Iniziamo dalla fine. Ovvero da quella casa alla periferia di Podgorica dove sabato poco prima delle 22 i poliziotti del Montenegro hanno fatto irruzione, facendo scattare le manette ai polsi di Riella. Una cosa ben nota agli investigatori di quel Paese, visto che chi ha dato - dietro il pagamento di somme di denaro - ospitalità al fuggitivo comasco è un uomo che si trovava agli arresti domiciliari.

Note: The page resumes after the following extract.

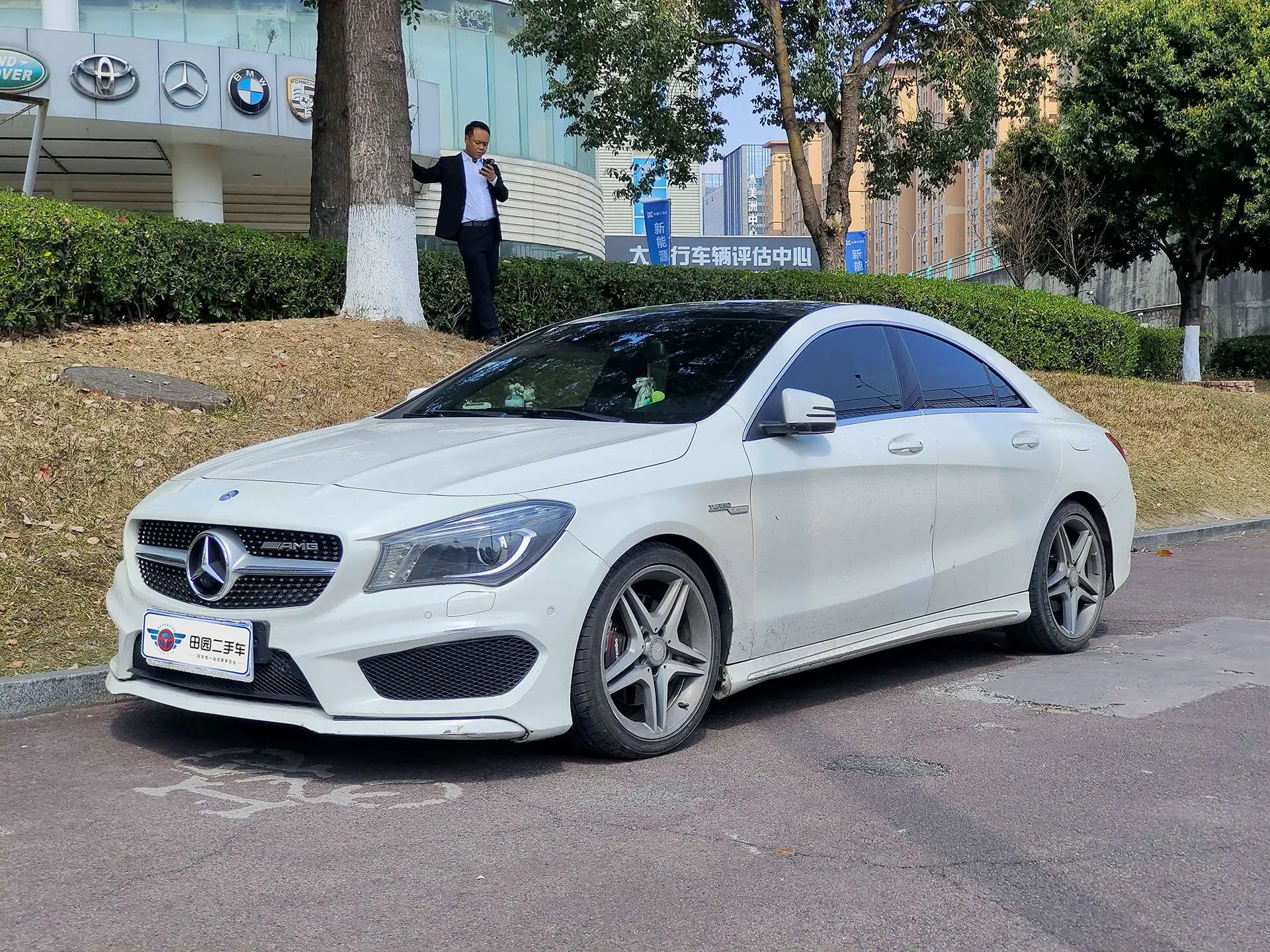 Mercedes-Benz CLA (Imported)  из Китая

A quella casa e a quell’indirizzo, i detective dell’investigativa della polizia penitenziaria sono arrivati grazie all’incrocio dei dati catturati grazie alla rete cellulare. Di Riella si erano perdute le tracce poco prima della metà di giugno. Quando gli inquirenti hanno iniziato a comprendere che, con ogni probabilità, l’evaso accusato di aver rapinato in casa e picchiato due novantenni, non si trovava più negli amati boschi dov’era solito fare del bracconaggio. Ma soltanto l’ultima settimana di giugno si è capito dove si trovava: in Montenegro, per l’appunto. Tra i vari contatti costantemente monitorati, gli investigatori hanno intercettato le chiamate con una donna con cui in passato lo stesso Riella avrebbe avuto più di un rapporto d’amicizia. Quei contatti provenivano prima da un’utenza serba, quindi da un numero montenegrino. Si è anche capito che lo stesso Riella, per la sua fuga, avrebbe potuto contare su un discreto quantitativo di contanti, forse diverse migliaia di euro ricevuto da qualcuno prima della partenza. Soldi che da un lato gli avrebbero consentito di trovare un passaggio - anche se lo stesso fuggitivo avrebbe percorso parte del suo itinerario alla volta dei Balcani a piedi e addirittura in bicicletta - ma che soprattutto lo avrebbero aiutato nel pagarsi ospitalità presso contatti in Serbia prima e a Podgorica poi avuti direttamente dall’Italia.

I documenti falsi

E qui in Italia si stava muovendo, sempre dietro pagamento di denaro, un’altra rete di conoscenze: quella che avrebbe consentito a Riella di ricevere un passaporto falso, così da riuscire a imbarcarsi su una nave verso un porto che non avesse accordi di estradizione con l’Italia. Suo malgrado, il Montenegro ha un accordo bilaterale siglato nel 2015 che prevede la possibilità di estradizione. Come non bastasse, proprio in questi giorni l’ufficio esecuzioni del Tribunale di Milano ha annullato la sospensione condizionale di una precedente pena ricevuta per il furto di 260 metri quadrati di parquet. La permanenza in carcere dell’uomo chiamato Petit, insomma, rischia a questo punto di protrarsi a lungo.